Why Australian Films Still Struggle at the Box Office
Here’s a stat that should bother everyone in the Australian screen industry: domestic films accounted for roughly 4% of total box office revenue in Australia last year. Four percent. In a country that spends hundreds of millions of dollars supporting local film production through tax offsets, direct funding, and state agency programs.
I’m not writing this to be defeatist. I love Australian cinema, and I’ve dedicated a good chunk of my professional life to covering it. But we need to be honest about the gap between what we make and what Australians actually go to see.
The Distribution Problem
The most obvious issue is distribution. Australian films rarely get wide releases. A typical local feature might open on 30-50 screens nationally, compared to 500+ for a Hollywood tentpole. That’s not necessarily the distributor’s fault. Cinema chains make rational economic decisions, and when a screen can be filled with the latest Marvel film or a sequel audiences are already primed for, giving that screen to an Australian drama is a hard sell.
But here’s what frustrates me: some Australian films that do get decent releases still underperform. The audience just doesn’t show up. And that points to something deeper than just screen count.
The Marketing Gap
Australian film marketing budgets are a fraction of what Hollywood spends. A local feature might have $50,000-$200,000 for its entire marketing campaign. A Hollywood film spends more than that on a single billboard campaign in Sydney. The playing field isn’t just uneven. It’s practically vertical.

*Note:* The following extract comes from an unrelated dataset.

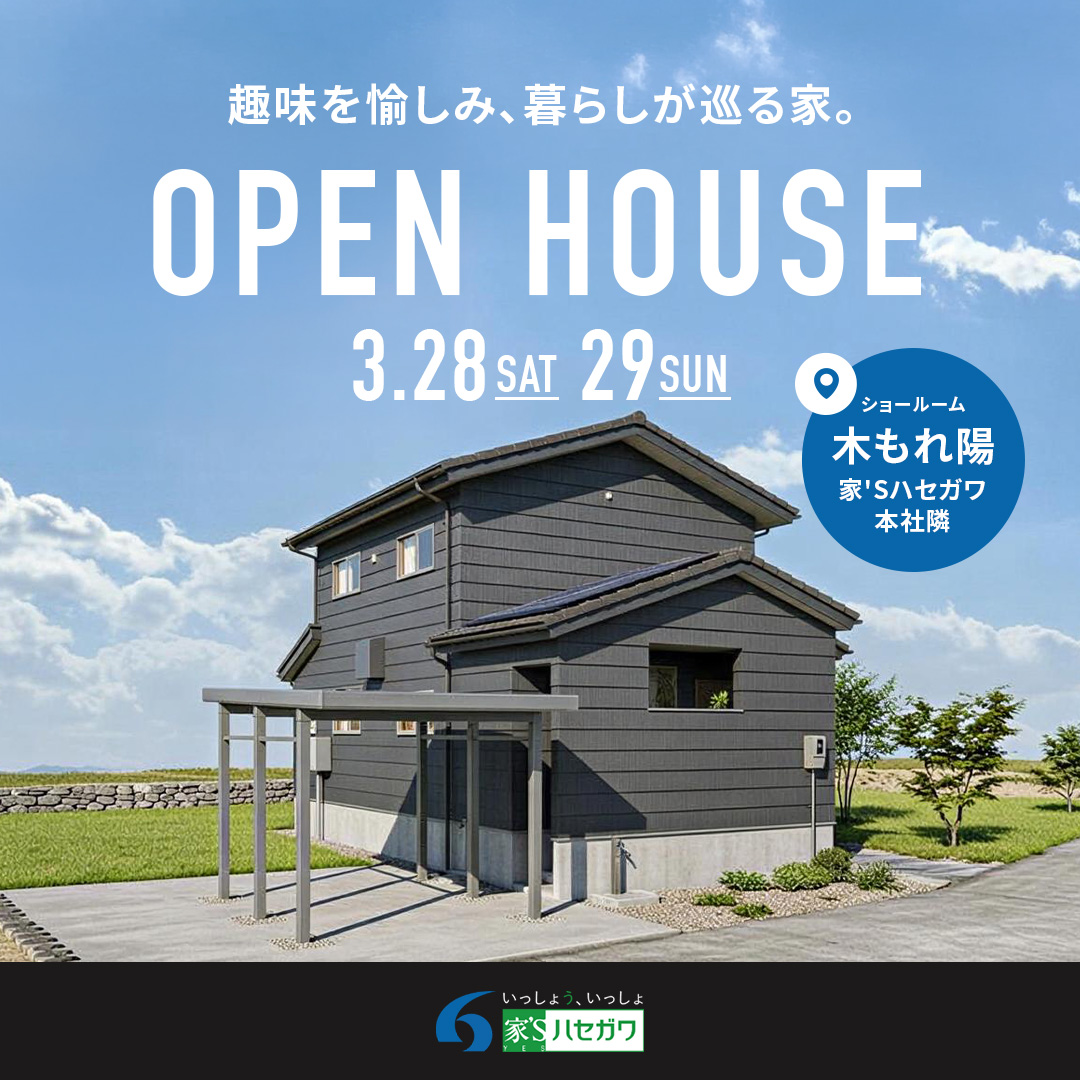 シークレット見学会【完全予約制】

Social media has helped somewhat. Some Australian films have built genuine grassroots interest through targeted campaigns on Instagram and TikTok. But organic social reach is declining across every platform, and paid advertising in the film space is increasingly expensive.
Genre Perception
There’s a persistent perception among Australian audiences that local films are depressing, slow, and set in the outback. It’s a cliche and it’s mostly wrong, but perceptions are stubborn things. When someone’s choosing between a Friday night at the cinema with mates, an Australian drama about intergenerational trauma doesn’t compete well against the latest action comedy.
The genres where Australian films do work commercially are horror, comedy, and family films. Think what the likes of Talk to Me achieved internationally. Horror travels well, and Australian horror in particular has developed a strong reputation. But our drama output, which is often our strongest critical work, struggles to find commercial audiences.
The Streaming Question
Streaming has changed the equation in complicated ways. On one hand, platforms like Stan have become significant investors in Australian content. Stan Originals have given some local films and series a visibility that theatrical release alone couldn’t achieve. Netflix and Amazon are also picking up Australian titles more frequently.
On the other hand, streaming has trained audiences to wait. Why see something in cinemas when it’ll be on a platform in a few months? This behaviour hits Australian films especially hard because they don’t have the event-film quality that drives opening weekend urgency.
What Could Change
I don’t think there’s a single fix, but there are things that could make a difference. Better marketing support from funding bodies. Earlier involvement of distributors in the production process. More genre diversity in what gets funded. And frankly, a more honest conversation about what audiences actually want versus what the industry thinks they should want.
Some of the most commercially successful Australian films of the last decade have been ones that embraced genre, had strong hooks, and were marketed with genuine energy. That’s not selling out. That’s respecting the audience enough to meet them where they are.
The 4% figure won’t change overnight. But pretending it’s not a problem, or blaming audiences for not being sophisticated enough, isn’t going to help anyone. We make great films in this country. We just need to get better at making sure people actually see them.